Repeat exactly the opening lines of the records, ending with the line that contains "COMEDIE DE LA".

• **Given records**:
+++
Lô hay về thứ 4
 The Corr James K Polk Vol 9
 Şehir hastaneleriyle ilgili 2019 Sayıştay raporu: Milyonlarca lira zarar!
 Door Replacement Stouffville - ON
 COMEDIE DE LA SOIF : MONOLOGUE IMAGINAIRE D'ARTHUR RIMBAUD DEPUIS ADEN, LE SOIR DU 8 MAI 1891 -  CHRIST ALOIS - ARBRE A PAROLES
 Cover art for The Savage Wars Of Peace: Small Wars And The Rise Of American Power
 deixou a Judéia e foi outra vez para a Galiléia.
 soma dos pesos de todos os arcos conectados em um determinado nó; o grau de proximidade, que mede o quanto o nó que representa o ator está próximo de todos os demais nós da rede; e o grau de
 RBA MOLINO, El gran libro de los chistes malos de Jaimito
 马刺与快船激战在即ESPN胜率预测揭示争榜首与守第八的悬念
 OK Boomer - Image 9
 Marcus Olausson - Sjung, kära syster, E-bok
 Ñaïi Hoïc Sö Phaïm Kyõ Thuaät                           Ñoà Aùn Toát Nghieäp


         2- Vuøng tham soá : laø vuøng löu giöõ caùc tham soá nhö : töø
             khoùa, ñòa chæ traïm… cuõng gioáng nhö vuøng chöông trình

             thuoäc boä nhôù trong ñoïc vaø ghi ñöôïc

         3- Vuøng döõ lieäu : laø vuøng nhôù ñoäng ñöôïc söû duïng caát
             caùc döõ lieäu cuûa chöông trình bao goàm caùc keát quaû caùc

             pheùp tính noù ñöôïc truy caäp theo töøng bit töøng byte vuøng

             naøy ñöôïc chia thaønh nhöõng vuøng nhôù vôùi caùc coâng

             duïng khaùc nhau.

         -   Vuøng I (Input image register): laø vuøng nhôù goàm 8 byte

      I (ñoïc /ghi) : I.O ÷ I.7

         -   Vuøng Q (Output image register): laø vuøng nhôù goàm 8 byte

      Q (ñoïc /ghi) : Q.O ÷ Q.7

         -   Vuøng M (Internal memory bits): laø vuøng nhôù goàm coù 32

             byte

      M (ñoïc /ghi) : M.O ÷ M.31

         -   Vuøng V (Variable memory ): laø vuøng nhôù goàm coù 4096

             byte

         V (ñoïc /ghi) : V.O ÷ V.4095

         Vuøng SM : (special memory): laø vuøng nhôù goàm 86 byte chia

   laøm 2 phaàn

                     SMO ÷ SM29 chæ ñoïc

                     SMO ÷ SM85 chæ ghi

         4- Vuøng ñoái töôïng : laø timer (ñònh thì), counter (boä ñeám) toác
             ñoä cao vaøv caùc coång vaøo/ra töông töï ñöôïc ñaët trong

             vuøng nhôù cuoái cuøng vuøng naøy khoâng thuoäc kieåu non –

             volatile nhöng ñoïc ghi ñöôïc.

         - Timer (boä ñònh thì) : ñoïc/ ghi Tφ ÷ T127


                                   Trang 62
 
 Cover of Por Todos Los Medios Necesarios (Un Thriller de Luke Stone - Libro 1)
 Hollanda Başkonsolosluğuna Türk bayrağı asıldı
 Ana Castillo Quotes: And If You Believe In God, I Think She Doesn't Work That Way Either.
+++
• **Response area**:
Lô hay về thứ 4
 The Corr James K Polk Vol 9
 Şehir hastaneleriyle ilgili 2019 Sayıştay raporu: Milyonlarca lira zarar!
 Door Replacement Stouffville - ON
 COMEDIE DE LA SOIF : MONOLOGUE IMAGINAIRE D'ARTHUR RIMBAUD DEPUIS ADEN, LE SOIR DU 8 MAI 1891 -  CHRIST ALOIS - ARBRE A PAROLES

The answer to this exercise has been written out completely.